Once the capital of a glorious medieval empire and more recently a city known for its Soviet-style order, wide boulevards and grand monuments, today's Baghdad encases the pains of a nation struggling to adjust to new realities, recover from three wars and cope with fears of ongoing violence.

"This is the saddest city in the world," lamented one resident, Qasim al-Sabti.

Life here is not entirely bleak, especially for those who ran afoul of Saddam Hussein's brutal dictatorship.

"I can freely live now. I don't expect anyone to knock on my door at dawn and take me away to prison and I can sue anyone who does me an injustice," said Hussein al-Jaaf, an education official and newspaper columnist who spent seven months in an underground jail cell during Saddam's reign.

The defeat of the regime nine months ago and the end of U.N. sanctions have opened up Iraq to foreign consumer goods once only available to the political elite.

'Still has a pulse'

However, with soaring unemployment, parts of Baghdad have been taken over by armies of street hawkers, mostly children, offering anything from gasoline, to propane, American cigarettes and bananas. Armed security guards are a fixture, as are money changers doing business from behind rickety tables or men charging by the minute to use satellite phones.

"Baghdad has fallen into a dark age, but it still has a pulse," said painter Nouri al-Rawi, 75. "We are being tested again."

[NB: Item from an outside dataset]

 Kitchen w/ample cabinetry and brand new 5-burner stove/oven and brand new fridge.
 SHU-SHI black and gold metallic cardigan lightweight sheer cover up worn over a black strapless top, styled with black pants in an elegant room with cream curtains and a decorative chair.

With garbage collection erratic, Baghdadis have taken to scrawling graffiti on outside walls urging people not to dump their refuse near their homes.

Some Baghdadis trace the city's decline to long before the arrival of the Americans. Iraq's 1990 invasion of Kuwait, followed by the 1991 defeat in the Gulf War, brought U.N. sanctions that crippled the economy and reduced most Iraqis to poverty. Crime and corruption flourished.

Others, however, blame the Americans either for the current miseries or for not reversing them.

U.S. officials insist many of the inconveniences are growing pains as the society transforms from autocracy to democracy.

In December, for example, gasoline supplies ran low, forcing Iraqis to wait for hours in mile-long lines. The days of the long gas station lines are over. But traffic congestion has not abated.

"I have not moved a single centimeter in 30 minutes," said Khidr Nasser, his taxi stuck in traffic. "I still make enough to feed myself, wife and two children, but I cannot afford repairs."